TB 2. Spec Suite organization

There needs to be an overview somewhere, a starting point, mostly
tutorial in nature, that explains the relationships between XQuery, the
data model, the use cases, the functions and operators, and XPath 2.
Having read all of them at least in part, I remain fairly puzzled as to
how they're supposed to fit together.

TB 3. Function of the "Data Model" and "Formal Semantics"

It is not clear that both the Data Model and Formal Semantics
specs need to exist, or that they need to have independent lives outside
of the XQuery spec.  In particular, I'm pretty sure that a conformant
XQuery implementation could be built with little or no reference to
anything but the XQuery and F&O specs, raising questions as to whether
all the work on DM and FS are cost-effective.

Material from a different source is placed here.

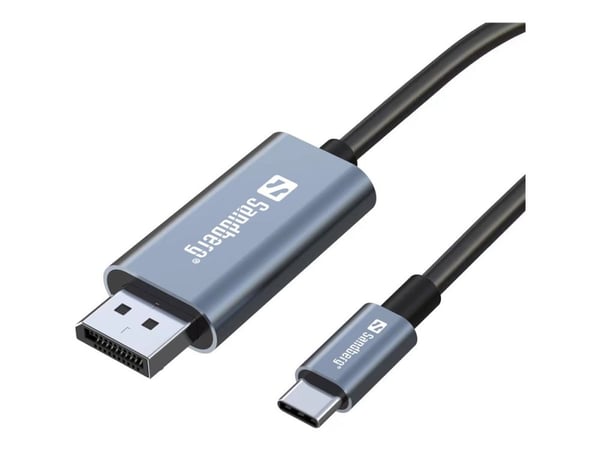 Sandberg - Adapterkabel - 24 pin USB-C (hann) til DisplayPort (hann) - 2 m - 4K-støtte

The Data Model and Formal Semantics docs are sufficiently complex and
hard to understand that they don't seem to serve any tutorial purpose.
At the very least, the spec suite needs to be very clear as to whether
implementors need to read them (in whole or in part), and if so why.

TB 4. Overlapping material

There is a large amount of overlapping material in XQuery, the Data
Model, the Formal Semantics, and XPath 2.  This has the negative effect
that it's really hard to read both XQuery and XPath and pay attention,
because the attention wanders as you realize you've already read this
15-page sequence.  It would be highly desirable if the material that is
*not* common could be called out somehow.

I as an implementor would be very interested in which bits of machinery
are XQuery-only, XPath-only, or shared.

Since the portions that are shared are sensibly generated from a common
source, I assume that such a call-out is achievablle.

I note considerable overlap also in the FS and DM specs with each other
and with XQuery.  The same comment applies.

TB 5. Use Cases for Type-based operations

XQuery defines built-in primitives which operate in terms of data types:
"cast", "treat", "assert", and "validate".  The volume of design that
has gone into building this framework is highly out of proportion to the
scenarios presented in the Use Cases document.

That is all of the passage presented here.